First of all, I often find that when I’m asked to describe my commercial work versus my fine-art practice, I’m always like, “The through line is me; it’s my lived experience.” So when I’m photographing celebrities, I approach them in the same way that I would a floral arrangement. It’s with tenderness, it’s with kindness, it’s with empathy, and it’s always with my full self. Whoever has met me, whoever has sat for me, they get that, and that’s ultimately how I get them to relax and be themselves. Within all of my still life, floral, and landscape work, I approach it in the same way. I’m not necessarily talking to [my subjects]—maybe I’m talking to myself in my head—but to me, they’re very similar. They both inform each other.
Tell me about going through all of your archival footage and choosing what to include in your new video work.
One day when I was sick, I was watching a bunch of films, and there was this one called Privilege about women in New York—Faith Ringgold is in it, and one of my childhood best friends who’s also in my film, her mom, Novella Nelson, is in it—and it was just about women talking about their bodies and menopause. It was just like this beautiful art film. I remember watching it and being like, “God, this sounds just like the conversation I’m always having in my head.”
Later, while I was in my studio, I found all of these archival [audio] tapes I’ve been looking for for 15 years. As a kid, I used to take around this tape recorder, and I would record my friends talking, and then I would make them mix tapes with their voices in them. When I told my husband about it, he was like, “Dude, are you gonna do something with this work? This feels so important.” So I decided to take inspiration from of all of those things and make [a video] that just felt like a stream of consciousness of what’s going on in my head. I think so many of us are suffering in silence about so many different things. I wanted to make this piece not just to have my voice running through it, but to have all of these different voices, all of these different ethnicities—people I’ve known since I was three and people I met three years ago—having a conversation.

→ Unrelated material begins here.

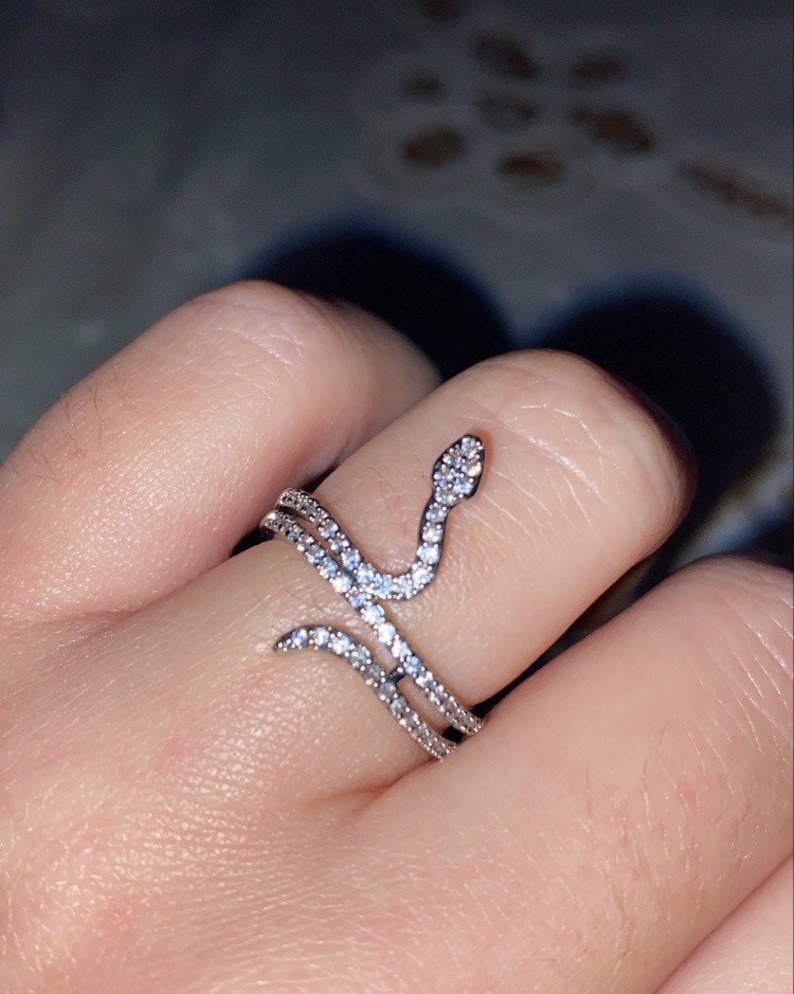 Silver Plated CZ Crystal Snake Ring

Another aspect of this show is of course the fragrances. I think it’s so brilliant that you scented it. How did Whiffworld come about, and how did you develop its first two scents?
Carol and I used to run in similar circles, but we became closer friends when we moved within five minutes of each other in LA. We’re both Pisces, and there was something about the link between our souls where we were like, Oh, now we’re new best friends. We’d hang out, we would carpool to places, and in the car we would talk about shit that we wanted to do. I told her I really wanted to make an air freshener, and she was like, “You know what? I want to help you with that. Let’s do that.” And so we did. We sat down and we smelled a lot of things. We’re producing the air fresheners with Joya Studio, so we just worked with them on different scents. Both Cowboy Cologne and Money Tree have so many notes that we both love. Carol had pulled sage from her garden, and we just kept smelling it and rubbing it on our fingers and seeing what it smelled like on her versus me, and we just worked that way.
Having a friendship scent is pretty awesome.
I hope our other friends don’t kill us. It’s like the ultimate BFF necklace or something.